We do not discuss frequency analysis of categorical data such as composition of sediment plotted as a bar graph, nor do we explicitly discuss the difference between a histogram and a bar graph. While we do discuss briefly the impact of varying bin sizing on the visualization of data in a histogram, this is an area that can be very important and involves more subfield-specific conventions. This might extend to unevenly sized bins or to dealing with outliers that are far beyond the range of the data (aka one data point that is an order of magnitude larger than all the other data). This module additionally does not discuss more advanced visualizations of probability, such as stem and leaf plots or box and violin plots.
Likewise, we do not include a detailed discussion of graphing basics or definitions of basic statistics. Instructors may refer to the module Introductory Statistics (opens in a new window) for explanation of mean, median, and standard deviation and Basic Graphing Skills(opens in a new window) for a more general discussion of plotting data.
Lastly, we do not get into cumulative histograms or circular histograms (rose diagrams). These are very important types of specialized histogram plots in Earth and environmental science but are beyond the scope of this module. We do feel that the existing examples could be expanded rather easily to segue into cumulative histograms (aka take problem XX and explain how to make cumulative in Excel).
Instructor Resources
Support for teaching this quantitative skill
- The Math You Need, When You Need It: Introductory Statistics
- Khan Academy Histograms
- One or more other resources that can help instructors teach about this topic. SERC collections such as Teaching Quantitative Skills can be a helpful place to look.

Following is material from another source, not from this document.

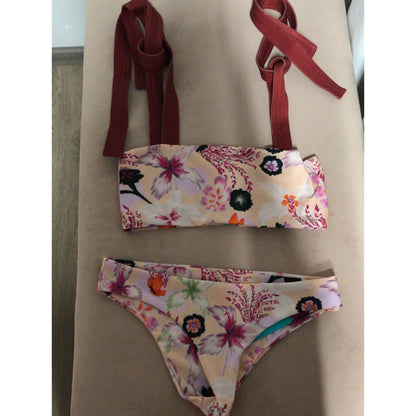 Gracefully Styled Garment for Any Occasion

- This site from labxchange.org has a strong description of reading and interpreting histograms.
- This Complete Guide to Histograms does a strong job of walking through understanding and creating histograms.
Examples of activities that use this quantitative skill
- In this example, students use histograms to determine the frequency of Old Faithful (the geyser at Yellowstone) eruptions. It uses Excel and is part of the Geology of National Parks modules.

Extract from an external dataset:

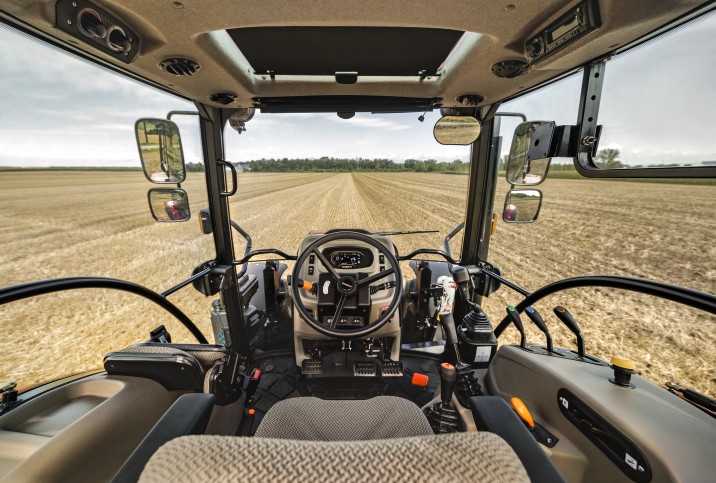 Traktorius Case IH Farmall A serija (90-110 AG)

- In this lab or in-class exercise, students are introduced to probability and statistics by plotting the weights of pennies based on different ages (aka pennies from 1960s to 1981 have a different weight than modern pennies). They plot the histograms by hand.
- In this activity, students use carbon dioxide data from the DOE to explore the role of different visualization methods in Excel (i.e. histogram vs. pie chart) and track CO2 emissions from different countries.
- In this exercise, students use histograms in Excel to visualize VOCs from different geographic locations in the United States.
- In this advanced exercise, students use MATLAB to plot the organic content of sediment data, fit curves to the data, and use statistical tests (i.e. T-Test) to interpret the results.
- In this complex exercise, students are introduced to using MATLAB to visualize Pokemon Go data. It includes assessing distribution fits, descriptive statistics, and normalizing data.
- In this advanced example, students use histograms in Excel to visualize the macroevolution of Cambrian Fauna in Excel.